JP: I forgot to say in my last email to you that I see some of Slavenca Drakulić in your work. Have you read The Taste of a Man? It is a remarkable book about unquenchable passions and love as a consuming, elemental force. There is nothing ‘safe’ about the sex in this book, which was something I also noted in your stories. Drakulić was accused of being a ‘witch’ – I am not making this up – by the government in her native Croatia and moved to Sweden for some time. Her book As If I Am Not There about the rape of women during the Bosnian war is almost too harrowing to read. She also writes non-fiction. You would love her!

SM: This is the first time I’ve heard of her; would love to read her. You seem very strong on female writers, are there any writers who you feel have shaped your work?
JP: Oh goodness. My turn is it? Well, as this exchange is about your book Red Tales, I will keep my answer brief. Growing up in the seventies in the Canadian suburbs I felt a lot of anger about the treatment of the women I saw around me. I once asked my English Professor – the incredibly named Milton Wilson – who taught Renaissance English at the University of Toronto, what sort of work I could do once I got my degree. He looked at me as if I was insane and said that after I graduated I would of course get my ‘MRS’. It took me a few moments to understand what he was saying: I would end up getting married anyway and becoming an MRS, so frankly it didn’t matter what I studied. I was furious. But in the early eighties you just had to take this stuff. So, I naturally gravitated towards writers who were as angry as I was.
Virginia Woolf was paramount to me as she managed to channel her anger into the most challenging and formally inventive art. Charlotte Brontë and many of the Victorians, such as Mrs Gaskell and Elizabeth Barrett Browning were also very important to me as women and writers. One cannot really call George Sand a ‘Victorian’ but she was someone I looked to as a model for how to live and write; Colette as well. As you say, the writers one loves become friends. All these women informed not simply my writing but the decisions I made as a woman travelling through a world I felt was antagonistic towards me and my desires. I looked to them as role models. George Sand was a cross-dressing bisexual, never wanted to marry and when she did have a child she abandoned it. Elizabeth Barrett Browning didn’t have a child until she was forty-three, and Mrs Gaskell championed the rights of prostitutes. And of course there was George Eliot living in sin with a married man. These were the women I looked to for advice. We think we are so ‘modern’ and forward-looking but the Victorians did it all!
And, yes, Kathy Acker was someone I admired greatly. I once saw her read with William Burroughs at the University of Toronto. It was amazing such a conservative and misogynistic institution could have scheduled such an event. It was truly an evening to remember. I almost felt there was a sense of the baton being passed from the elderly Burroughs to the spiky young female writer before my very eyes. She is missed.
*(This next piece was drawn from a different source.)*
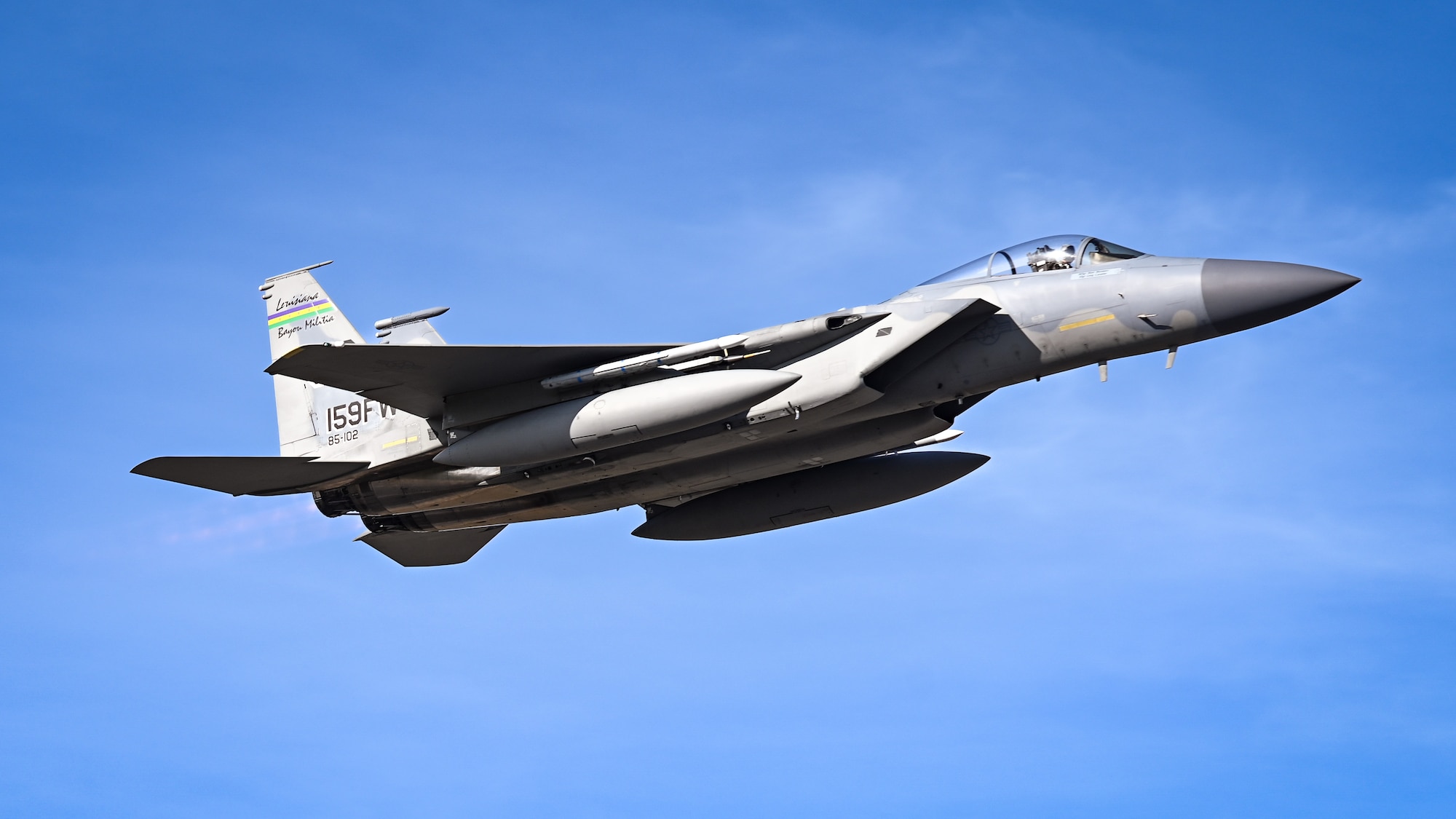 A U.S. Air Force F15C Eagle assigned to the Louisiana Air National Guard 159th Fighter Wing takes off from the runway during CRUZEX 2024 at Natal Air Force Base, Brazil, Nov. 11, 2024. This exercise reinforced the enduring promise of shared security and cooperation among allied air forces in Latin America. (U.S. Air Force photo by Staff Sgt. Madeline Herzog)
SM: Yes, anger.  We’ll have to do a more general exchange about how centuries of sexism has affected women’s concerns when it comes to writing and the arts.  I was really angry when I came across The Vida Count, as there’s still a glaring problem when it comes to women writers being reviewed and fairly represented.

JP: I have really enjoyed this exchange. Thank you, Susana. May there be many more such exchanges between writers.

ABOUT THE AUTHORS

Joanna Pocock has a Masters in Creative Writing from Bath Spa University. She has been shortlisted for the 2013 Bath short story award, the 2012 Mslexia short story competition and the Lightship International first novel award. In 2010 she won joint first place in the Segora short story competition, which she went on to judge in 2011. Some of her stories have appeared in Riptide and Cooldog. Her story ‘The Road to Napanee’ will be published in Love on the Road, an anthology of short stories, which will be appearing in November 2013. ‘The Woman in the Cupboard’ will be appearing in an anthology of new writing published by Hearst Magazines. She teaches creative writing at Central St. Martins and also works as a freelance copy-editor for a variety of publishers.
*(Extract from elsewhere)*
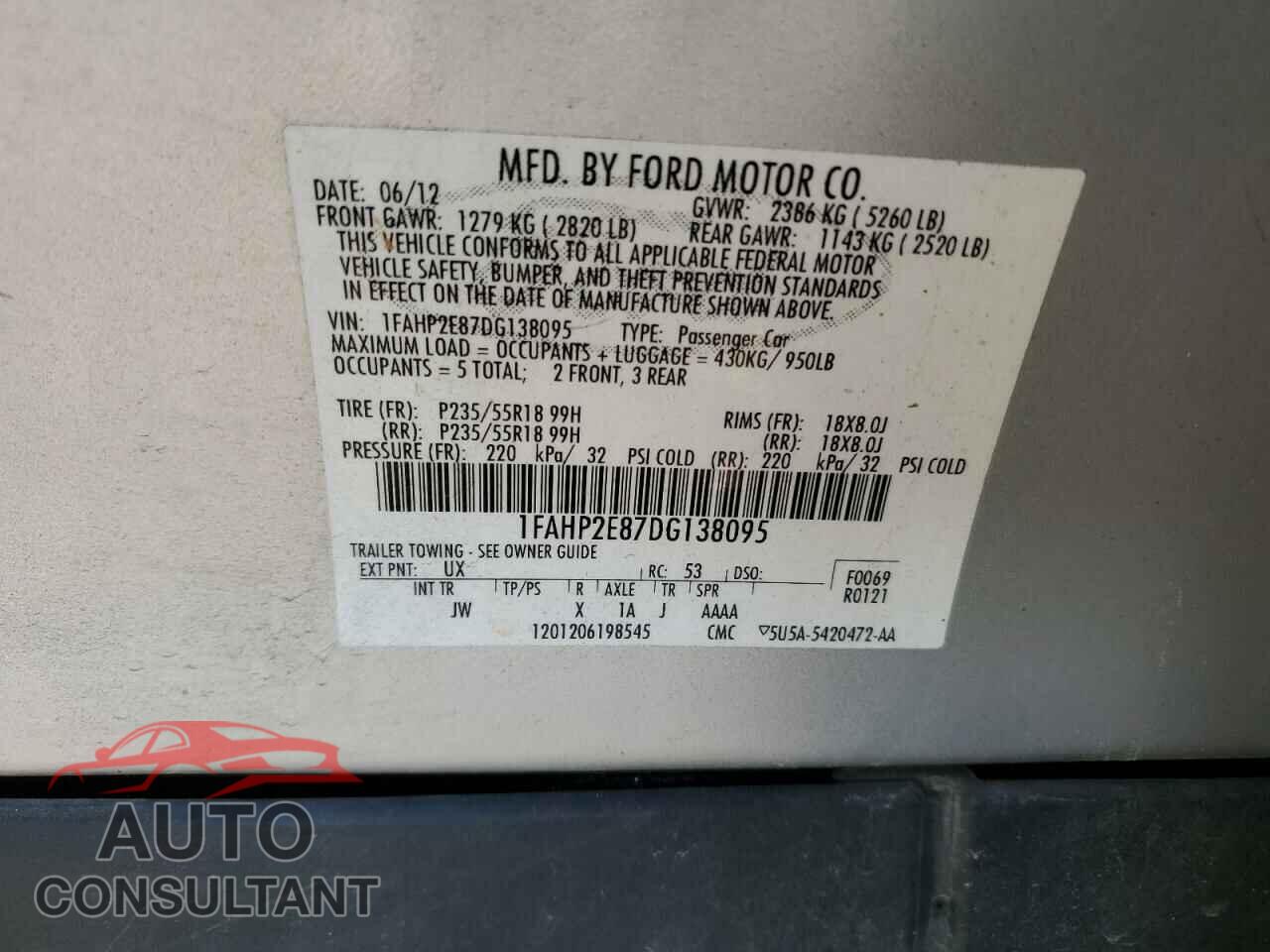 FORD TAURUS 2013 - 1FAHP2E87DG138095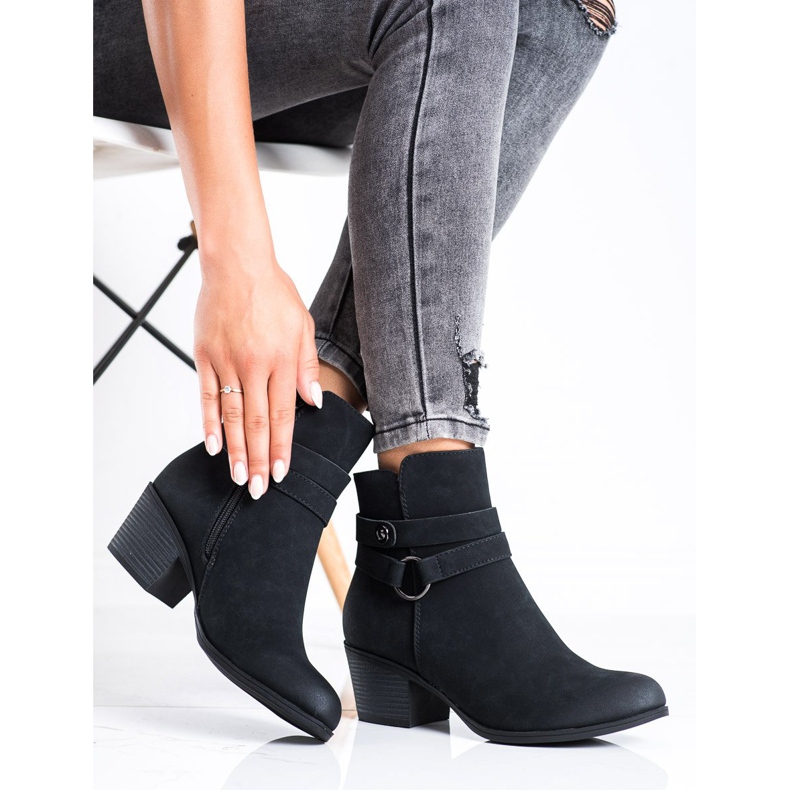 J. Star Cizme cu centură decorativă negru 2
Susana Medina is the author of Red Tales (bilingual edition, 2012, co-translated with Rosie Marteau) and Philosophical Toys (Dalkey Archive Press, 2014) – offspring of which are the praised short films Buñuel’s Philosophical Toys and Leather-bound Stories (co-directed with Derek Ogbourne). Her other books are the poetry and aphorisms collection Souvenirs del Accidente (2004) and BorgeslandA voyage through the infinite, imaginary places, labyrinths, Buenos Aires and other psychogeographies and figments of space (2006). She has been awarded The Max Aub International Short Story Prize and is the recipient of a writing grant from the Arts Council of England, for her novel Spinning Days of Night.  Her story ‘Oestrogen’, translated by Rosie Marteau, will be featured in Best European Fiction, 2014, Dalkey Archive. Medina has published a number of essays on literature, art, cinema and photography, and curated various well-received international art shows in abandoned spaces.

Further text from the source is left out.